BEGIN

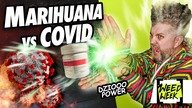 RECENZJA MEDYCZNEJ MARIHUANY Red No. 2 i STOSOWANIE KONOPI W WALCE Z COVID19 | #WeedWeek 71
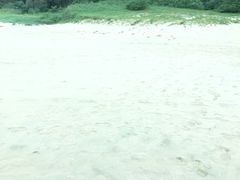 -普陀山风景名胜区-千步大沙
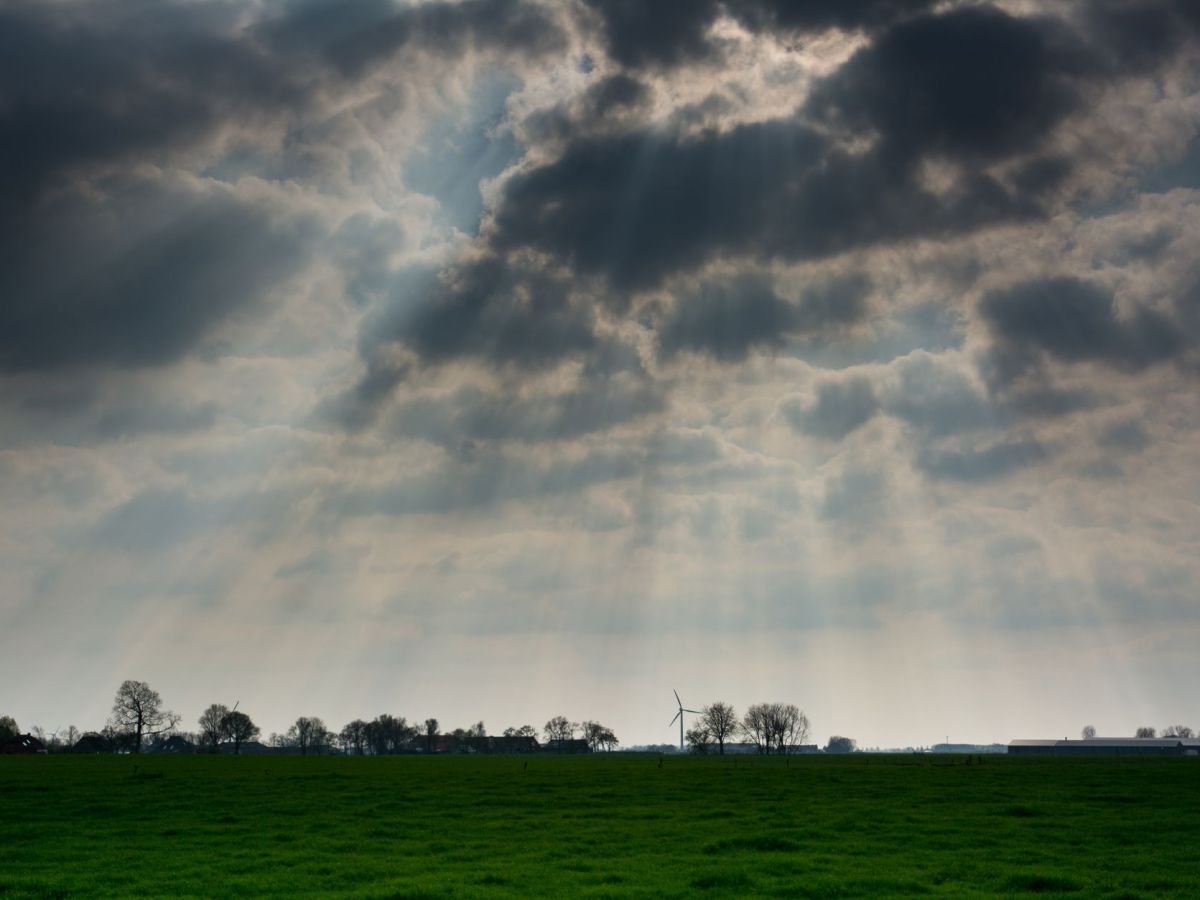 Chapter 16 – The Pious and Impious&nbsp;Natures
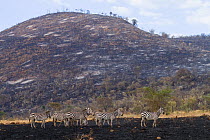 Grant's zebra (Equus quagga boehmi) group on burnt ground, Nakuru National Park, Kenya.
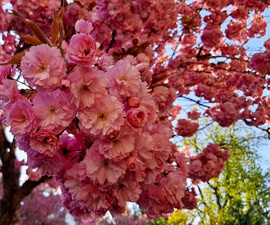 Japán díszcseresznye teljes pompájában 2. :)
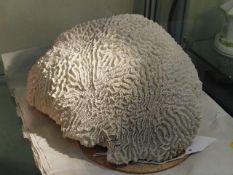 A large coral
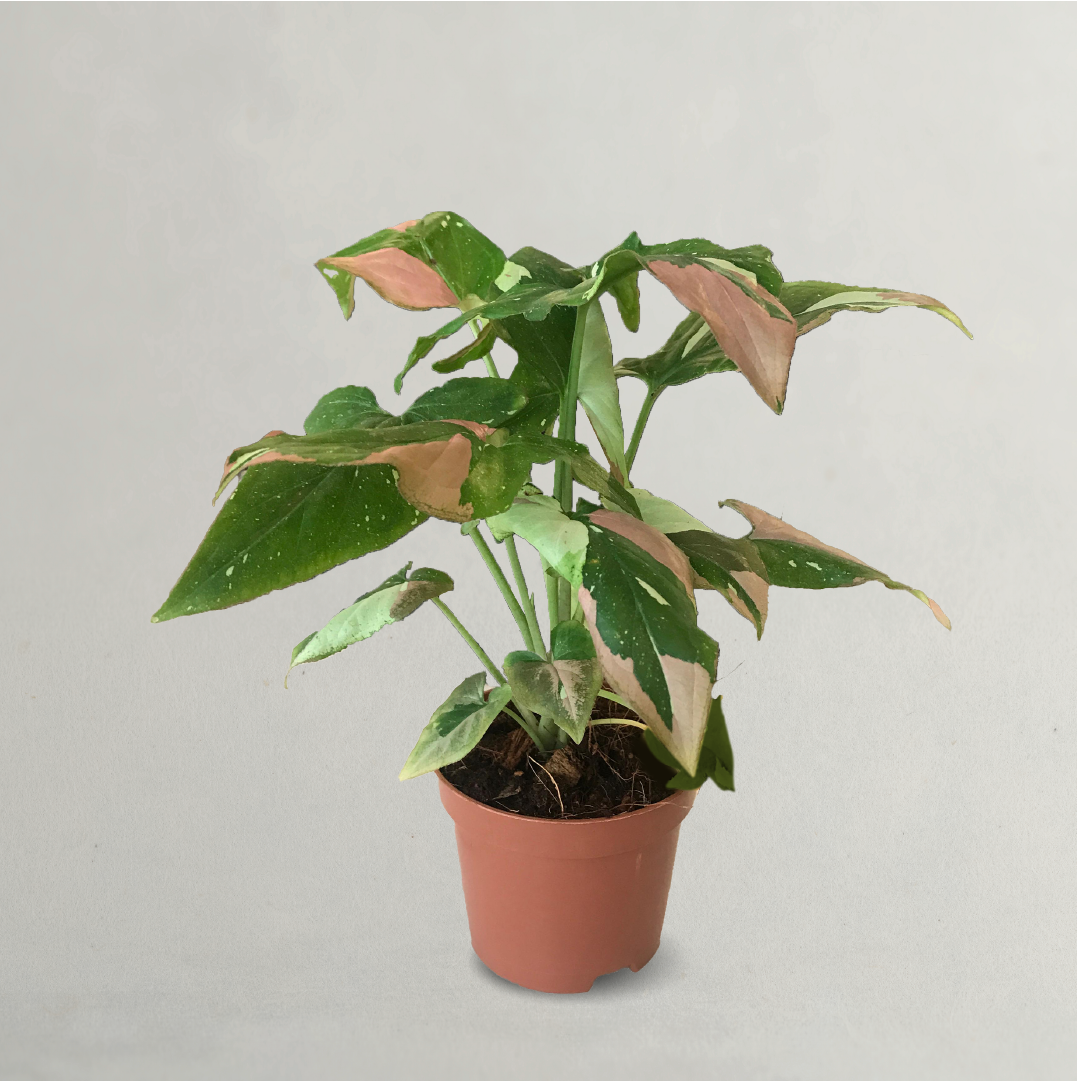 SYNGONIUM PINK SPOT TRICOLOR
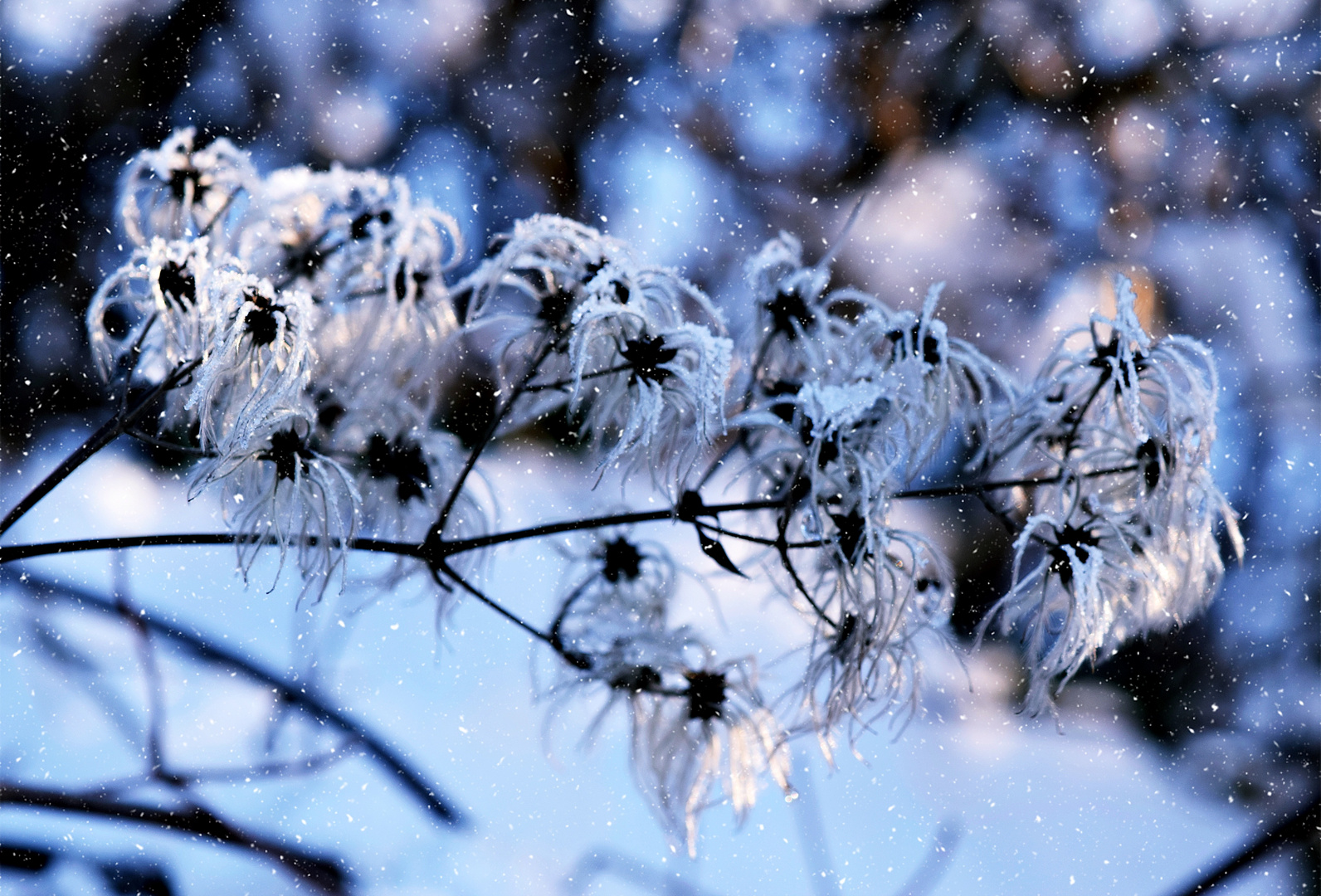 Winterimpression im Januar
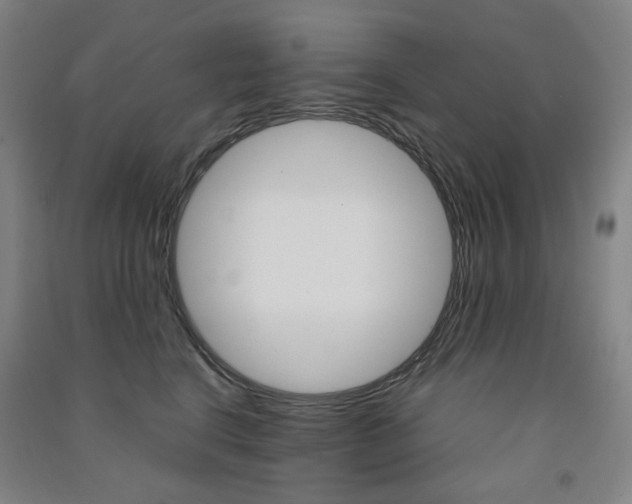 X0000091500664200708161235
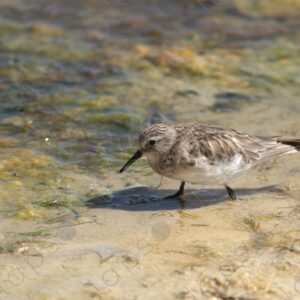 Tricolor Andean Gull Chick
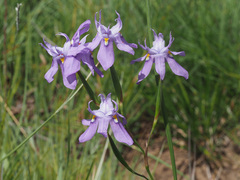 Moraea inclinata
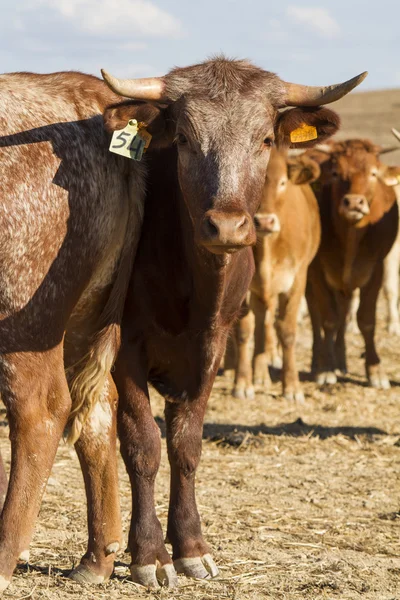 Brown cow — Stock Photo, Image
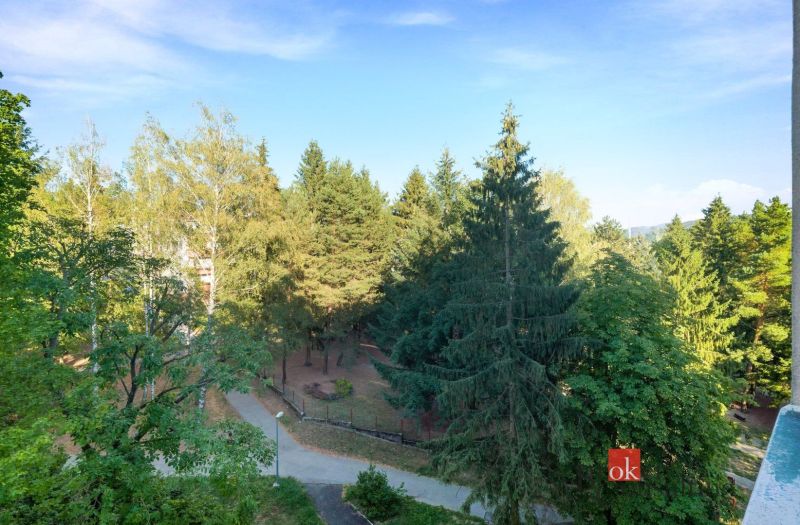 A view from Zvolen on A. Hlinka Street from a 2-room apartment, where there is a park with a walkway.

END

PROBLEM ▸
A word-for-word repeat of the lines from the line with "Japán díszcseresznye teljes pompájában 2. :)" to the last line of the data, both ends included and pictures left out, is all that should appear.

ANSWER SECTION ▸
 Japán díszcseresznye teljes pompájában 2. :)
 A large coral
 SYNGONIUM PINK SPOT TRICOLOR
 Winterimpression im Januar
 X0000091500664200708161235
 Tricolor Andean Gull Chick
 Moraea inclinata
 Brown cow — Stock Photo, Image
 A view from Zvolen on A. Hlinka Street from a 2-room apartment, where there is a park with a walkway.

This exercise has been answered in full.